冴えないアラフォーリーマンが壊滅一直線の悪の組織の女幹部に転生した 作:ゔぁいらす
かつて超古代から蘇った悪しき暗黒文明モグローグから人々を守る為にたった一人で戦った男がいた。
その戦いは熾烈を極めたが彼は多くの代償を払いながら辛くもその戦いに勝利し、人々の平穏を取り戻す。
しかし戦いの傷が癒える間もなく地球を我が物にせんとする新たな脅威が宇宙の彼方から現れた。
その名はアポカリプス皇国。
その目的は全人類を根絶やしにし、地球を第二の故郷とすることだった。
地球を狙う脅威を前に新たなる力を引っ提げ彼は再び敢然と立ち上がる!
人々の平穏を守る。ただそれだけのために……
彼の名は月影瞬。
またの名を装鋼騎士シャドーVX……!
……こうして地球を守る為日夜正義のヒーローとして戦っている月影瞬が今俺の目の前に居る。

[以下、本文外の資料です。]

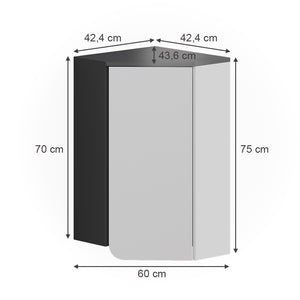 Vicco Armadio a muro ad angolo Antracite/bianco 60 x 75 cm con porta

しかしその姿はこれまで幾度も悪の魔の手を退けてきたヒーローにあるまじきもので……
「おやっさぁん……熱燗もう一杯……」
正義のヒーロー月影瞬は今、寂れた居酒屋のカウンターに突っ伏しながら顔を真っ赤にして店主のオヤジに熱燗をせびっている。
なんだこれ……俺がテレビで見てた時は飲酒シーンはおろかどれだけ強い相手を前にしても弱音一つ吐かなかった瞬が今目の前で酔っ払ってうなだれているなんて……

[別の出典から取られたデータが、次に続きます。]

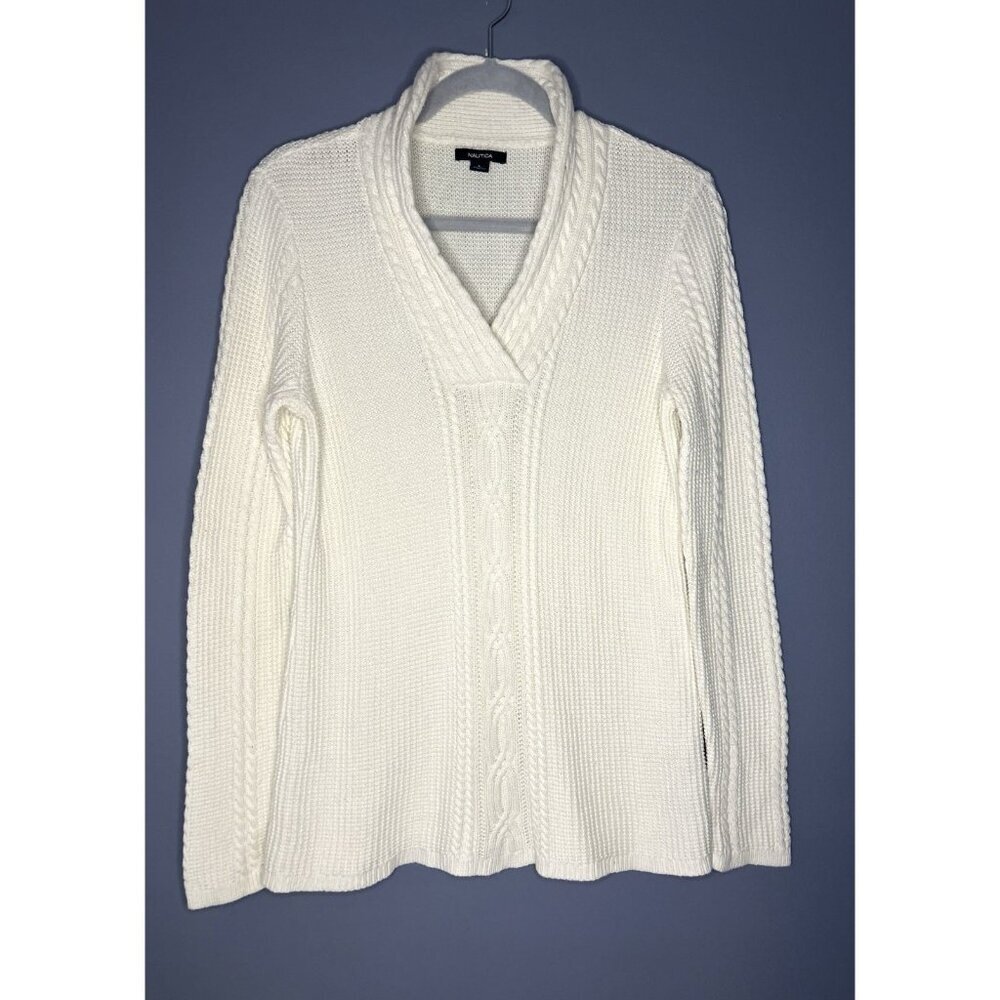 Nautica‎ Shawl Collar Cable Knit Sweater Large Ivory Old Money Preppy Equestrian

「おいおい瞬、今日はちと飲みすぎじゃあないか? もうこれで51本目だぞ? 今日はこの辺にしときなって……」
「いいだろ別に……こんくらい飲まねぇと酔っぱらえないんだよ! なら帰って消毒用アルコールで飲み直させてもらうから……」
「あ、ああ……わかったわかったお前が深酒するのはいつも辛いことがあった時だもんな……今夜はこれで最後にしな?」
流石に店主のオヤジも心配そうに泥酔した瞬に酒を止めるように促すが、瞬のただならなさに押されたのか渋々熱燗を彼の前に置いた。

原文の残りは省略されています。